映画「アビゲイル・ハーム」 感想文

映画「アビゲイル・ハーム」の中に出てくるかつて天使だった男は、いまは無口な男だ。何を喋ればいいのかわからない。しゃべるべきことがあるのかどうかもわからない。どうしゃべるべきなのか、いまはしゃべるべきなのか、黙っているべきなのかもわからない。

話し方、受け取り方、全てがわからないのだ。例えば私達はこんなふうにしゃべることもできる。

えっ? なんだそれ、髪めっちゃ短いじゃん!
うん、思い切ってバッサリ切っちゃった!
えー、なんで? そんなに短くするつもりだったの?
うん、気分転換したかったんだ。それに、ショートヘアの方が楽だし。
でも、せっかく伸ばしてたのに… もったいない!
どうしたの? 新しい髪型、すごく似合ってると思うんだけど。
えー、本当に? でも、ロングヘアの方が絶対似合ってたと思うんだけど…
ありがとう! 昔からロングヘアの方が好きって言ってたよね。
うーん、でも… まあ、慣れれば似合ってると思うよ。
ありがとう! それに、髪型は気分で変えられるからね。またロングヘアに戻すこともあるかもしれない。
そうそう! どんな髪型でも似合うと思うよ。

コミュニケーションを取ることは関係の毛づくろいであって、互いの体を撫でるに等しい。

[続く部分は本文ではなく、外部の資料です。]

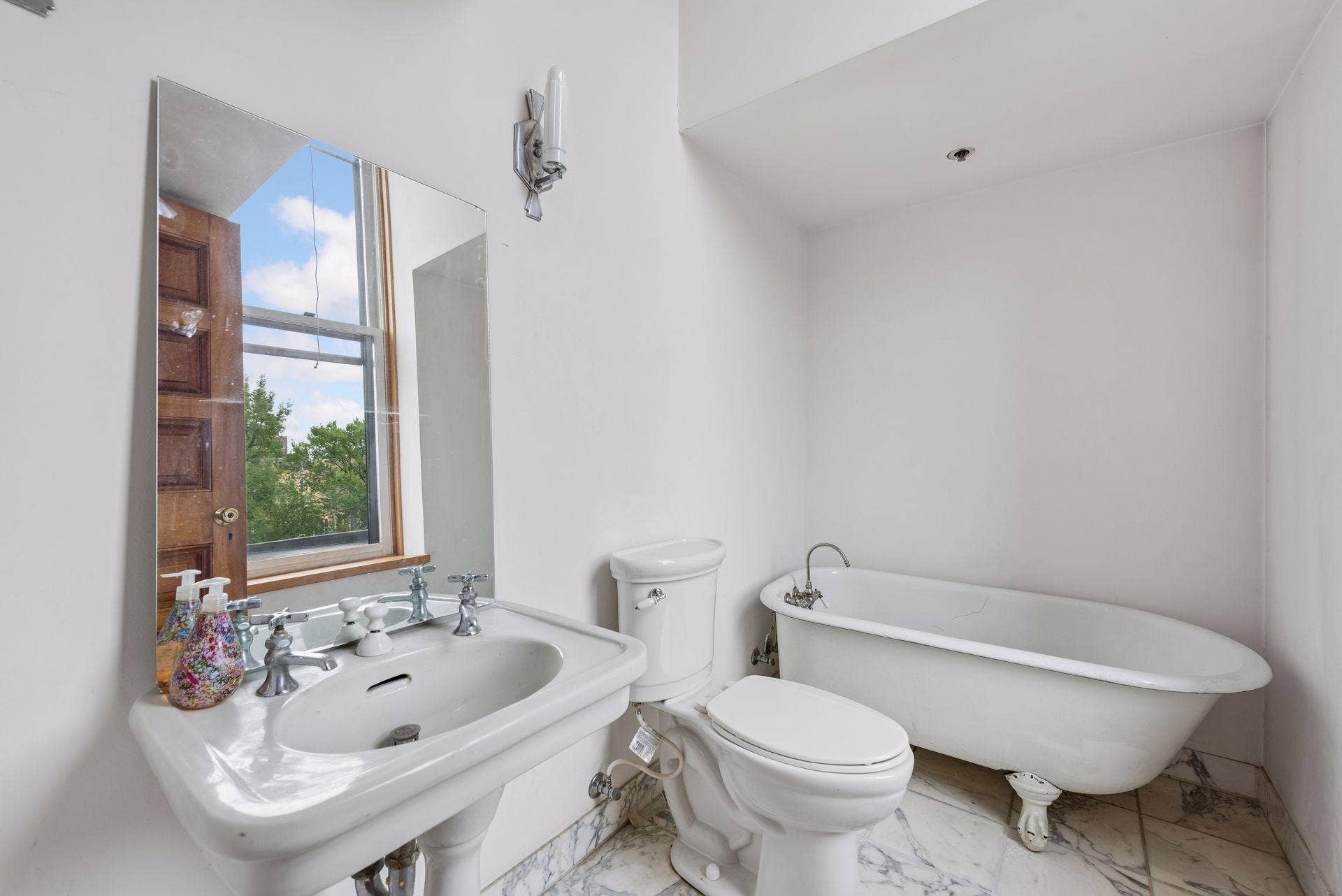 213 1/2 Washington Avenue N, 19, Minneapolis, MN 55401 Level two Bathroom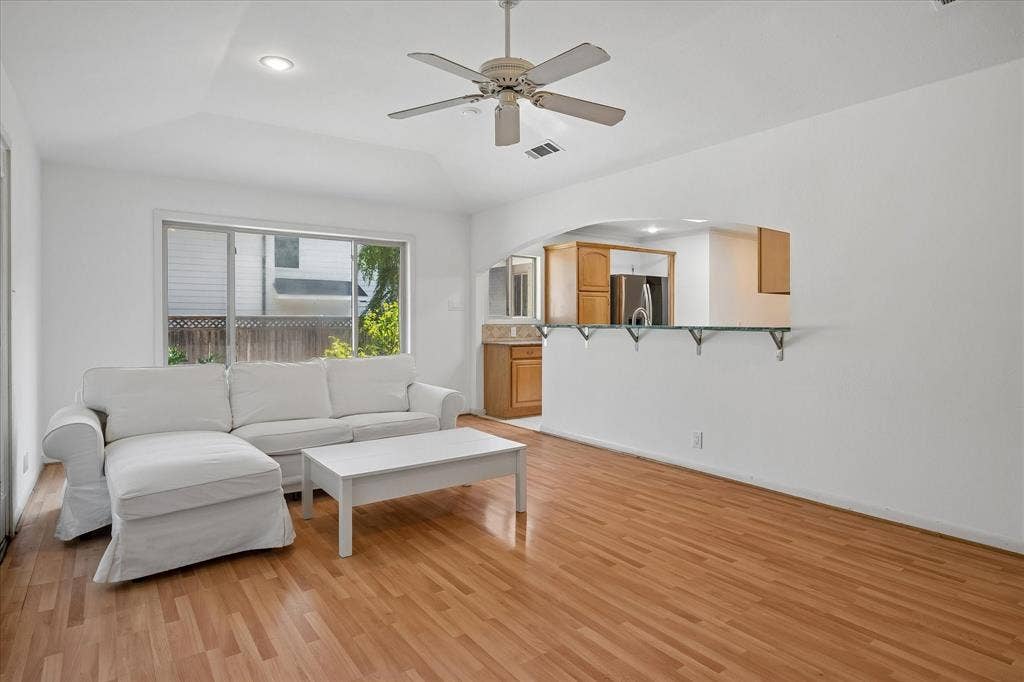 7233 Meadow Lake Avenue, Dallas, TX 75214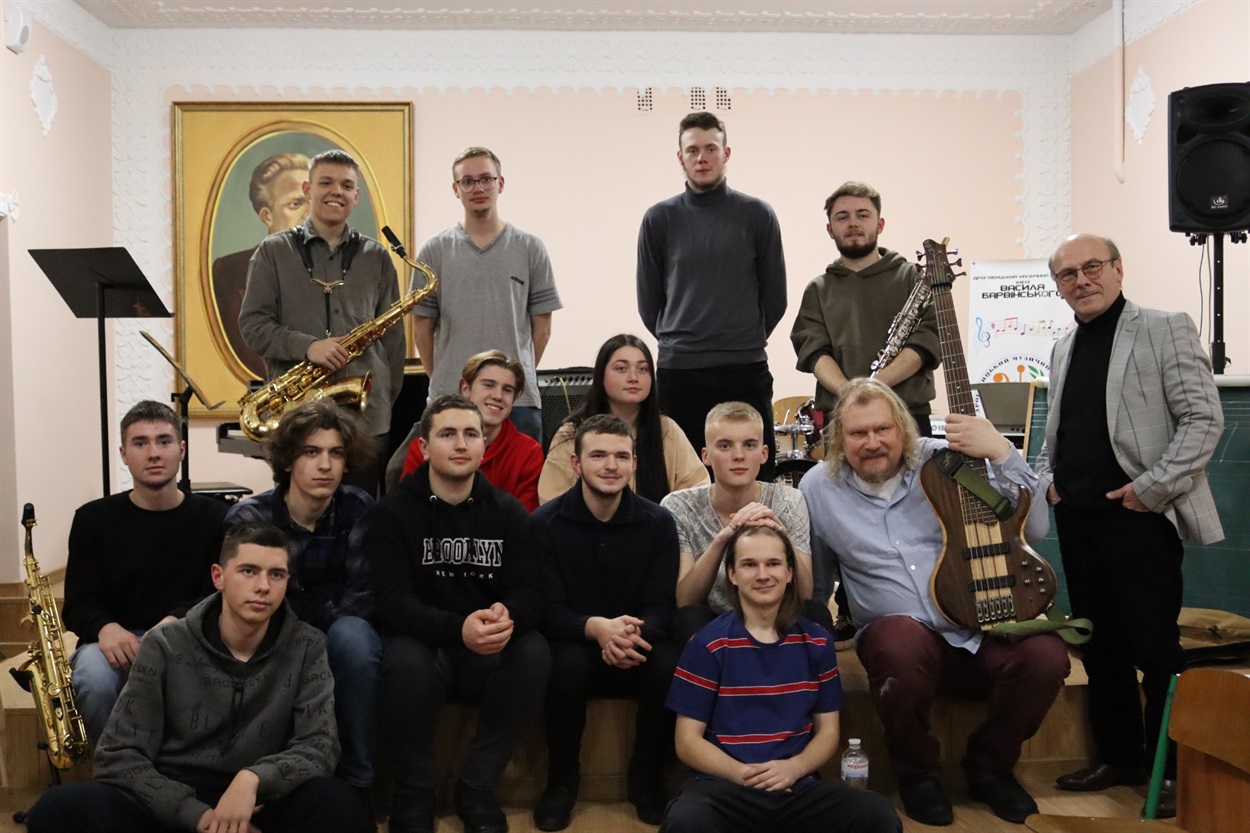 Джазмен Андрій Арнаутов і учасники майстер-класу
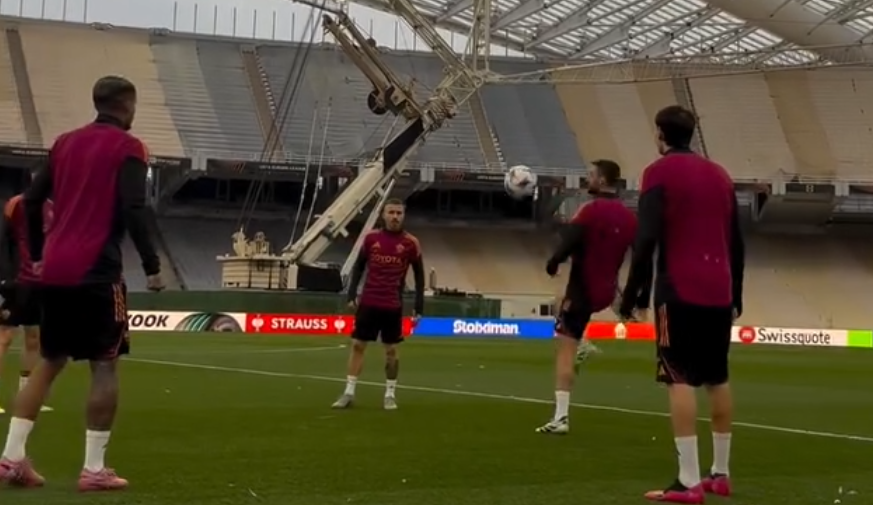 Παναθηναϊκός: Στην Ελλάδα η Ρόμα - Κατευθείαν για προπόνηση στο ΟΑΚΑ (vid)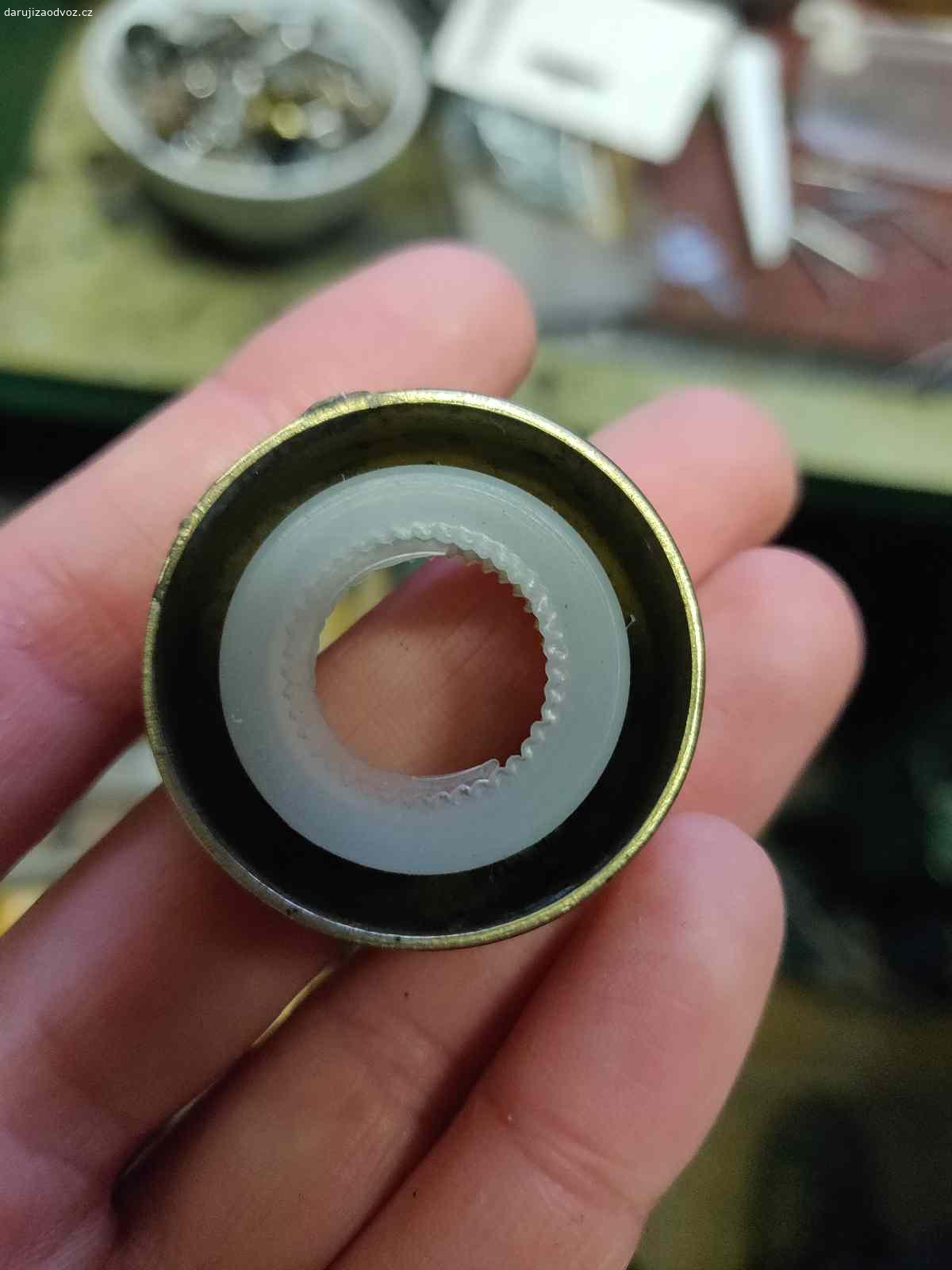 Na tvoření. Neviem presne, čo to je, ale možno niekto využije na tvorenie. Priemer cca 3 cm.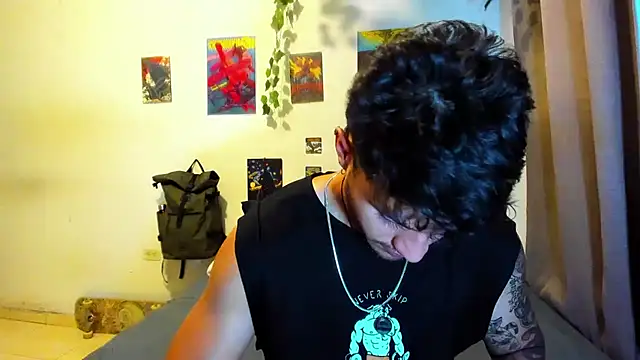 Snapshot of Nekoboy01 chatting on 10/22/25, 09:58 Nekoboy01 online show from 10/22/25, 09:58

でも天使だった男は無口であるだけだ。駅で置き去りにされ不安になってしまう。場違いなところに来てしまったという思いがあるだけ。

それでも男とアビゲイルが川べりを歩くのは幸福な時間だ。カメラがぐるぐるとまわり、めまいを起こしそうになるが幸福によっているという感じがする。その行為はなにかの目的があるわけではなくただ二人で行う遊びだ。遊びは楽しいがゆえにやることであって、それ以外のものを持つものではない。めまいが酩酊感を表すように、まさに酔っているのだ。

アビゲイル・ハームは男を開放し、また一人に戻ってしまう。アビゲイル・ハームは孤独でなくなるために男を得た。孤独の苦痛から開放されるために行動した。でも天使だった男はやはりこの世界にいるべきではなかった。世界は残酷だった。そして彼女が開放するのは、善き人間でありたいという彼女の希望がそうさせるのだ。彼女は善き人間を選んだのだ。